After two summers in the government work program, I explored the hospitality industry, which means I spent two summers trudging from my sister’s home in Post Falls, Idaho to a nearby Sleep Inn, where I was the youngest person on the housekeeping staff by about 20 years. The head housekeeper was a woman named Sarah who took her hourly smoke break with military precision and had a laugh that could rival a diesel engine. She was also so kind to me, I didn’t care that most of her teeth were missing.

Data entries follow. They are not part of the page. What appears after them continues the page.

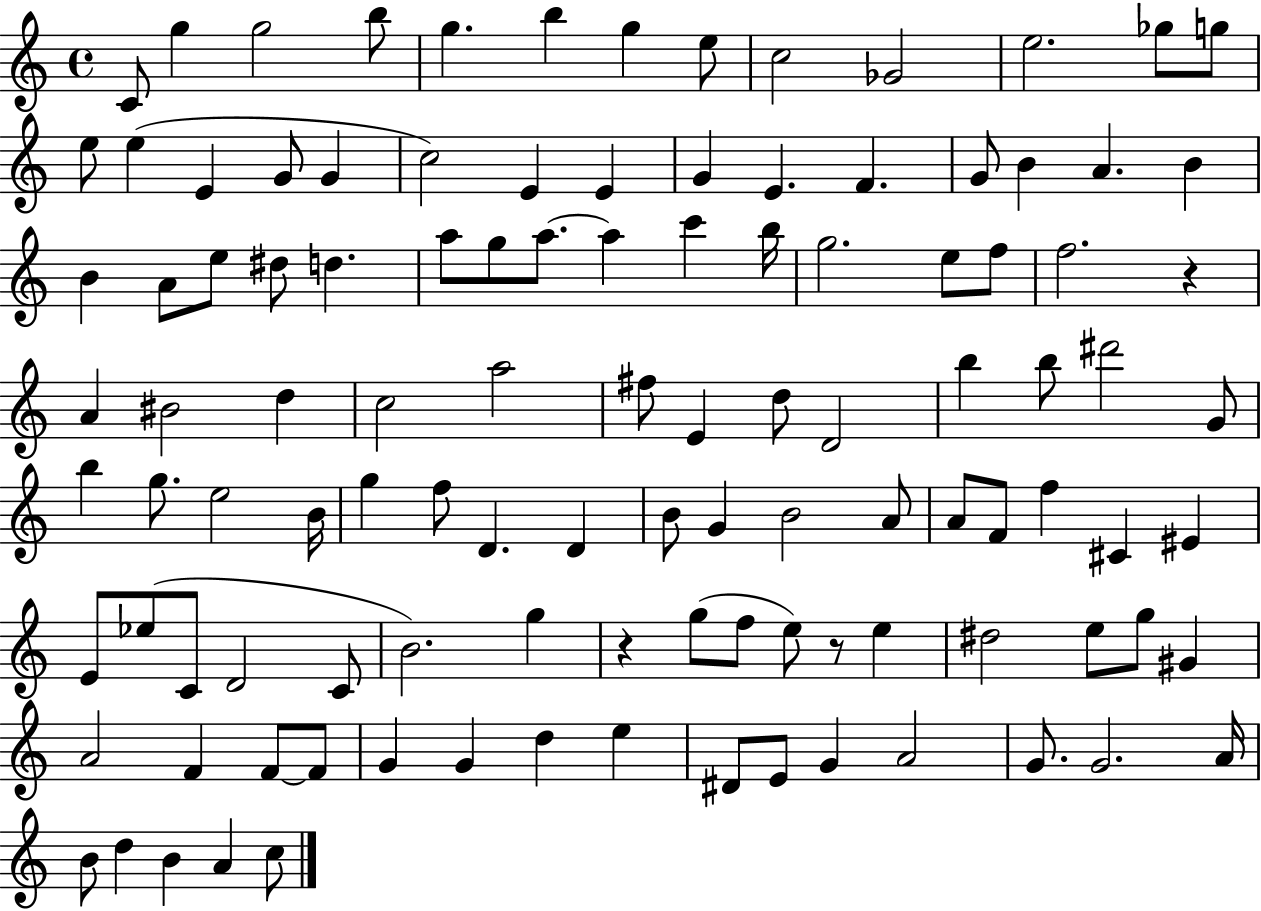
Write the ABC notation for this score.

X:1
T:Untitled
M:4/4
L:1/4
K:C
C/2 g g2 b/2 g b g e/2 c2 _G2 e2 _g/2 g/2 e/2 e E G/2 G c2 E E G E F G/2 B A B B A/2 e/2 ^d/2 d a/2 g/2 a/2 a c' b/4 g2 e/2 f/2 f2 z A ^B2 d c2 a2 ^f/2 E d/2 D2 b b/2 ^d'2 G/2 b g/2 e2 B/4 g f/2 D D B/2 G B2 A/2 A/2 F/2 f ^C ^E E/2 _e/2 C/2 D2 C/2 B2 g z g/2 f/2 e/2 z/2 e ^d2 e/2 g/2 ^G A2 F F/2 F/2 G G d e ^D/2 E/2 G A2 G/2 G2 A/4 B/2 d B A c/2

I cleaned around a dozen rooms on an average day, racing from bed to bed as a soap opera blared from the television. Other girls my age were probably at the mall or listening to music in their bedrooms. I was scrubbing down bathroom floors and wondering if Cassie on One Life to Live was ever going to end up with Kevin Buchanan. I was 15. I convinced my sister Debbi to join me the following summer, though I forgot to tell her about the lower back aches that came in the afternoon. I think she felt particularly duped when we returned to our cleaning cart one afternoon to find a note reading: “Toilet clogged in room 211, please fix.”

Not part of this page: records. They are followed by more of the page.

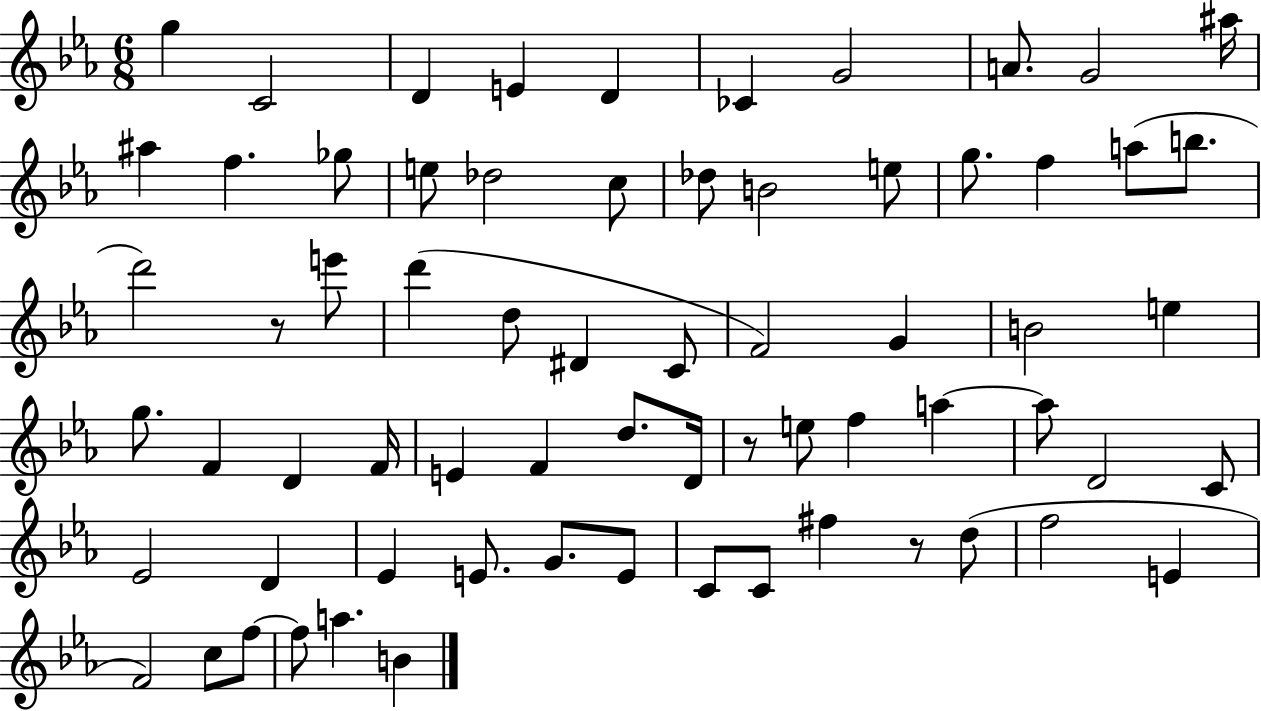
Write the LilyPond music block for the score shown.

{
  \clef treble
  \numericTimeSignature
  \time 6/8
  \key ees \major
  g''4 c'2 | d'4 e'4 d'4 | ces'4 g'2 | a'8. g'2 ais''16 | \break ais''4 f''4. ges''8 | e''8 des''2 c''8 | des''8 b'2 e''8 | g''8. f''4 a''8( b''8. | \break d'''2) r8 e'''8 | d'''4( d''8 dis'4 c'8 | f'2) g'4 | b'2 e''4 | \break g''8. f'4 d'4 f'16 | e'4 f'4 d''8. d'16 | r8 e''8 f''4 a''4~~ | a''8 d'2 c'8 | \break ees'2 d'4 | ees'4 e'8. g'8. e'8 | c'8 c'8 fis''4 r8 d''8( | f''2 e'4 | \break f'2) c''8 f''8~~ | f''8 a''4. b'4 | \bar "|."
}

In college, I worked nights and weekends at a department store in the local mall. I was stationed in the department store’s “intimates” section and typically refer to this as the time I was a bra fitter. Because that’s what I did, or at least what I was trained to do during a six-hour course in Seattle, of which, the only thing I remember is being told that we were the real specialists and those ladies at Victoria Secret with the pink measuring tape around their neck were, in a word, frauds.
(I have no idea why this photo of me working at said department store exists, if only to prove that I actually worked there.)

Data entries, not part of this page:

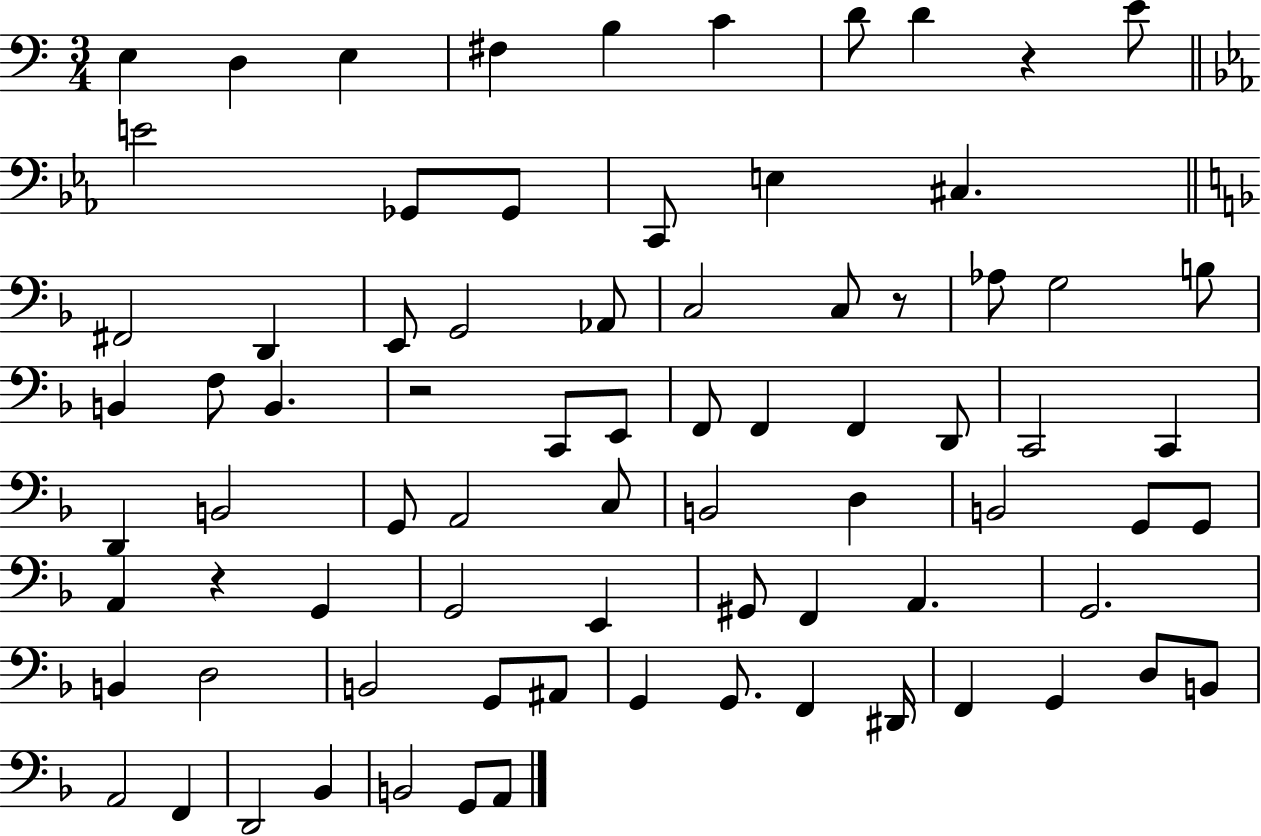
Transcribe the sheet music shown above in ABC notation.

X:1
T:Untitled
M:3/4
L:1/4
K:C
E, D, E, ^F, B, C D/2 D z E/2 E2 _G,,/2 _G,,/2 C,,/2 E, ^C, ^F,,2 D,, E,,/2 G,,2 _A,,/2 C,2 C,/2 z/2 _A,/2 G,2 B,/2 B,, F,/2 B,, z2 C,,/2 E,,/2 F,,/2 F,, F,, D,,/2 C,,2 C,, D,, B,,2 G,,/2 A,,2 C,/2 B,,2 D, B,,2 G,,/2 G,,/2 A,, z G,, G,,2 E,, ^G,,/2 F,, A,, G,,2 B,, D,2 B,,2 G,,/2 ^A,,/2 G,, G,,/2 F,, ^D,,/4 F,, G,, D,/2 B,,/2 A,,2 F,, D,,2 _B,, B,,2 G,,/2 A,,/2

What they did not tell me was most of my job would entail of trying to keep teenagers from stealing the new Calvin Klein underwear by taking them into the dressing room, tearing off the tags, and wearing them home. Yes, our loss and prevention guy had his work cut out for him, walking that delicate line between trying to stop actual theft and being accused of sexual harassment.
And then, finally, my first job in journalism, a summer internship at a small newspaper in Lewiston, Idaho. I covered mostly parades and Lewis and Clark re-enactments, but I was hooked. I didn’t want to do anything else.
my first letter from a reader …
There were a couple other odd jobs, a stint at a Starbucks that I’m probably banned from after I quit by leaving my boss a Post-it note. It was a move stolen from the Sex in the City episode where Carrie’s boyfriend Jack Berger dumps her by leaving behind a Post-it that read: “I’m sorry, I can’t. Don’t hate me.” In the case of the Starbucks boss, I was pretty sure he was going to hate me no matter how I left, and the feeling was mutual. This was a guy who once told me that my latte foam needed to be able to hold a quarter, A QUARTER.
It’s been eight years since I first called myself a journalist, and I’m still hooked, and like I said, eager to continue on my path, even if it looks much different than it did when I started. Then, I couldn’t imagine not working for a daily newspaper, but I’ve since worked for two different news wire services and in my most recent job, I wrote mostly for online news outlets.
I have to fight back discouragement as I come to terms with the fact that there are more of us now, fighting for fewer positions, all of us trying to show how useful we are in this brave new technology-driven world.
I learned something from each of these jobs I’ve mentioned, and chief among them is that strange little word that means so much right now in our profession: Versatility. You can no longer just be a writer, you need to be able to shoot photo, and video, and do it all at once. You need to be hungry to learn and quick to catch on, because standing right behind you is a recent graduate who has been well-schooled in multimedia and has a lot less to choose from than you did when scouring journalismjobs.com for postings.
Yes, it can be hard to stay positive, but I also have to think that a former janitor-housekeeper-bra fitter-barista has enough versatility to put themselves over the edge.